Whenever a picture appears in the listing below, leave it out, and copy exactly the lines from the one containing "Blue Print Silk" through the end.
************
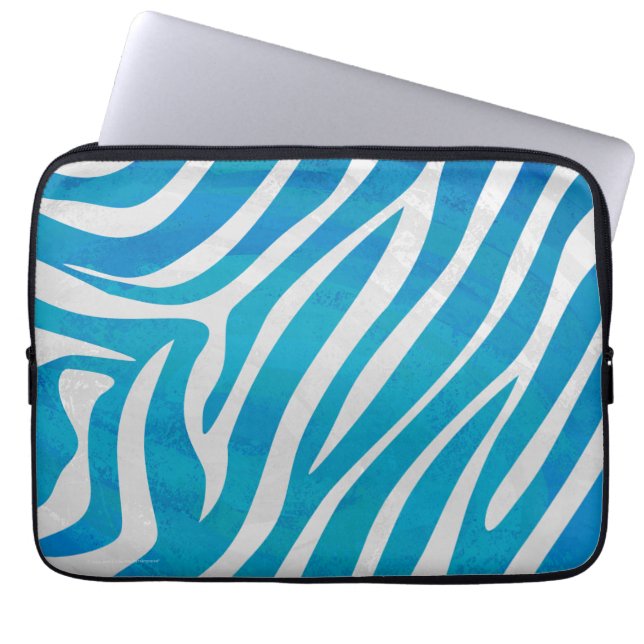 Zebra Blue and White Print Laptop Sleeve (Front)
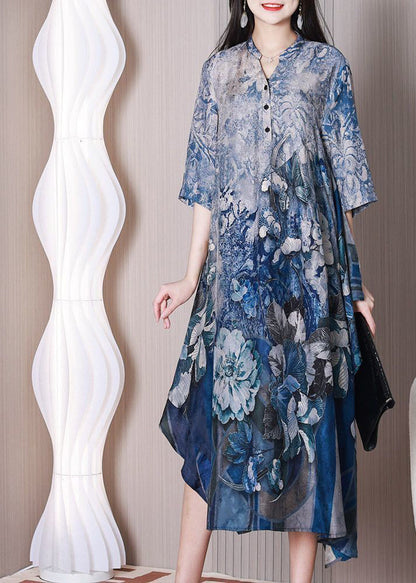 Blue Print Silk Holiday Dress Asymmetrical Exra Large Hem Half Sleeve LY3772 - fabuloryshop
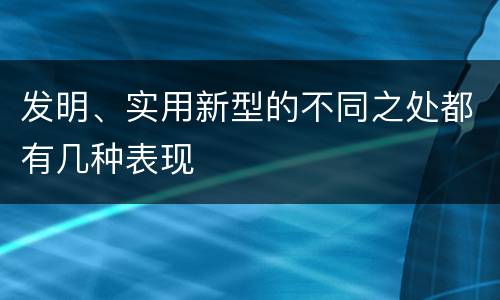 发明、实用新型的不同之处都有几种表现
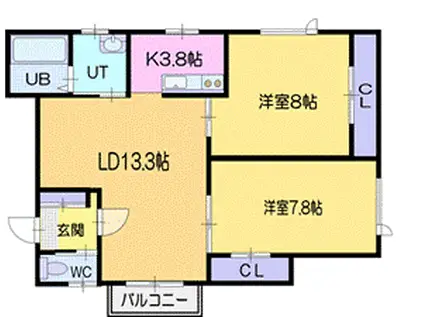 フルハウス(2LDK/2階)の間取り写真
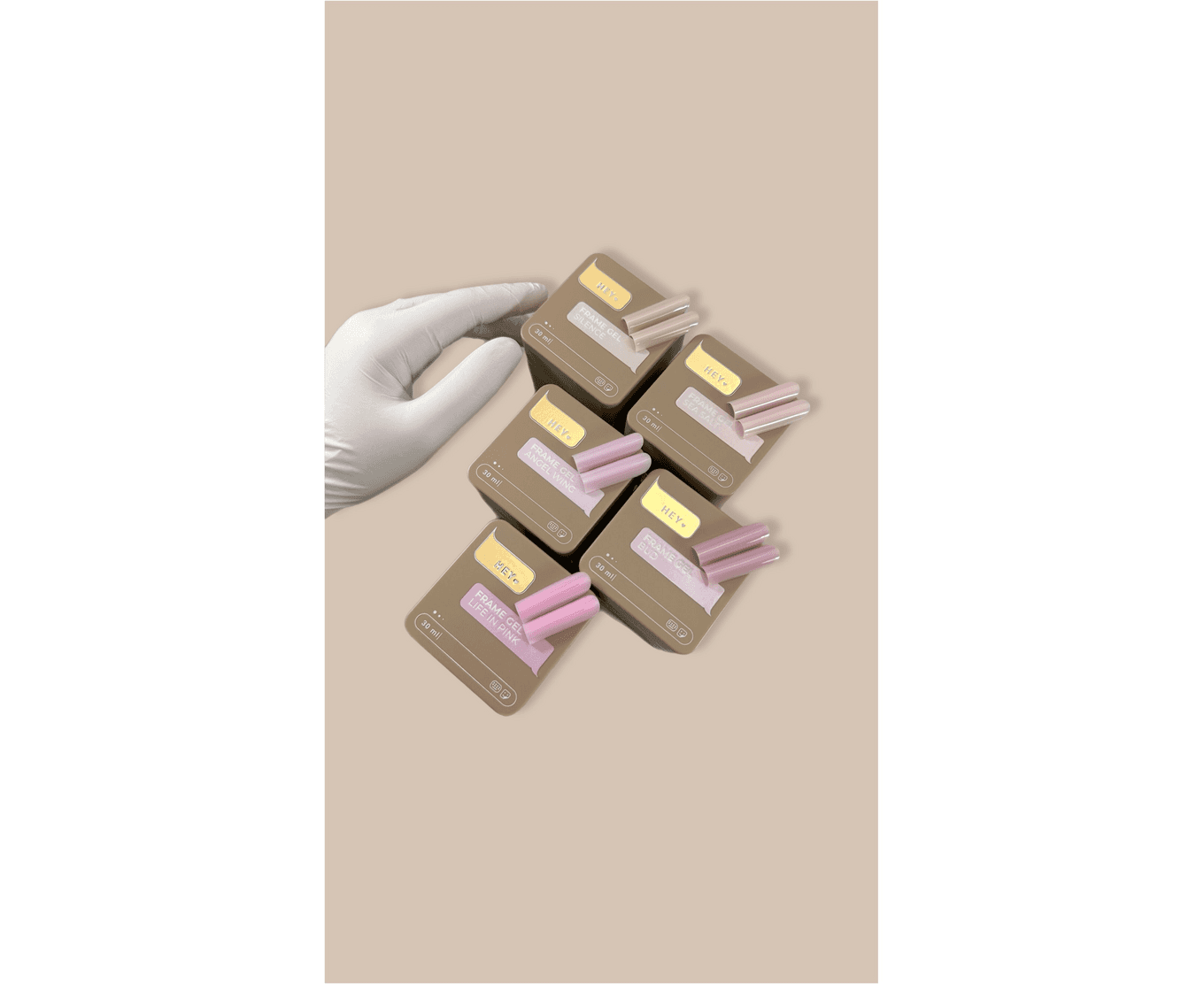 HEYLOVE Frame Gel "Sea salt", теплый бледно-розовый, 30 мл — 2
************
- PROBLEM SOLUTION:
 Blue Print Silk Holiday Dress Asymmetrical Exra Large Hem Half Sleeve LY3772 - fabuloryshop
 发明、实用新型的不同之处都有几种表现
 フルハウス(2LDK/2階)の間取り写真
 HEYLOVE Frame Gel "Sea salt", теплый бледно-розовый, 30 мл — 2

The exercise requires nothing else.